## Supplied records:

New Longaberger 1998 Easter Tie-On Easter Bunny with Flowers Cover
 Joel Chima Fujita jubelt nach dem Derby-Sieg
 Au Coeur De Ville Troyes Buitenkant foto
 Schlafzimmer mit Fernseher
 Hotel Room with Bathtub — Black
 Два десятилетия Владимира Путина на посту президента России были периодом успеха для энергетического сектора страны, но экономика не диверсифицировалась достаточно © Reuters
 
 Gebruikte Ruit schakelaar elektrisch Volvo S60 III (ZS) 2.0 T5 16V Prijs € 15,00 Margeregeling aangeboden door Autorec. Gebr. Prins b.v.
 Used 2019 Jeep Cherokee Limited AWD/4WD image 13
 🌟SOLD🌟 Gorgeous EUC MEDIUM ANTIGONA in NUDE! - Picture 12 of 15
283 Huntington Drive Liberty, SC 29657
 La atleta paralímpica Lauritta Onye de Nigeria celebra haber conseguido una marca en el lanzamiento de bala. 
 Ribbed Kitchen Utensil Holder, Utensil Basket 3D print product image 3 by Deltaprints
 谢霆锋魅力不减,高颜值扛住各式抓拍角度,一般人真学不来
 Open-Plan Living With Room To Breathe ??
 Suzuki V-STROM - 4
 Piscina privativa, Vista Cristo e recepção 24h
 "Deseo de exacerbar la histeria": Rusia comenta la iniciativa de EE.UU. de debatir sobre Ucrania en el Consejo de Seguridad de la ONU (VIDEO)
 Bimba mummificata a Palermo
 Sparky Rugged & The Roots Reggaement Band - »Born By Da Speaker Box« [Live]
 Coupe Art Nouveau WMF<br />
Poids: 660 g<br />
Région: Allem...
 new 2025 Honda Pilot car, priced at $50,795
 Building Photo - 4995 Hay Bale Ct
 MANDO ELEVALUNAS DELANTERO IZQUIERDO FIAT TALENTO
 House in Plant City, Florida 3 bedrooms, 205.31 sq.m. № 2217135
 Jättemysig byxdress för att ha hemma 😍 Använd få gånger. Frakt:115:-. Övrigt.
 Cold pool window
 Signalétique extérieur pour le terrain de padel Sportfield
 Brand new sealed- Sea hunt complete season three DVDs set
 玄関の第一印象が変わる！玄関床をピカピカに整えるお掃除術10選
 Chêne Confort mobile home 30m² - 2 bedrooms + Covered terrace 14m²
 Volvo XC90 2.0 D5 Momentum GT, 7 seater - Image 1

## What to produce:
Copy from the entries only those lines that hold the word "bedrooms".

## Reply:
 House in Plant City, Florida 3 bedrooms, 205.31 sq.m. № 2217135
 Chêne Confort mobile home 30m² - 2 bedrooms + Covered terrace 14m²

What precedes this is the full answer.